À l’époque, il n’existait aucun traité international à ce sujet. À l’heure actuelle, deux conventions internationales, qui condamnent la violence à l’égard des femmes, ont déjà été signées et ratifiées, l’une dans le système interaméricain (Convention de Belém do Parà) et l’autre dans l’espace européen. Au cours de ces 20 dernières années, des lois nationales sur la violence à l’égard des femmes ont également été adoptées dans tous les pays du monde, et des progrès sont accomplis dans la reconnaissance de nouvelles formes de violence ayant trait non seulement à la violence familiale sinon également à d’autres sphères, y compris le cyberespace. 

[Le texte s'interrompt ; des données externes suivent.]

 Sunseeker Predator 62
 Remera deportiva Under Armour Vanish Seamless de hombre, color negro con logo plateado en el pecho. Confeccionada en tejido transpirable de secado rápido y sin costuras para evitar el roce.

À Vienne, nous avions aussi sollicité la nomination d’un Rapporteur spécial chargé de la question de la violence à l’égard des femmes. Ce mécanisme a été mis en place et travaille de façon active. Un autre mécanisme des droits humains créé suite à la Conférence de Vienne est le Groupe de travail sur les lois et les pratiques discriminatoires, qui comprend cinq membres (un pour chaque région du monde).

Nos progrès ne se limitent pas uniquement aux cadres juridiques : ils se reflètent également dans les politiques et les services, aux échelons national et international.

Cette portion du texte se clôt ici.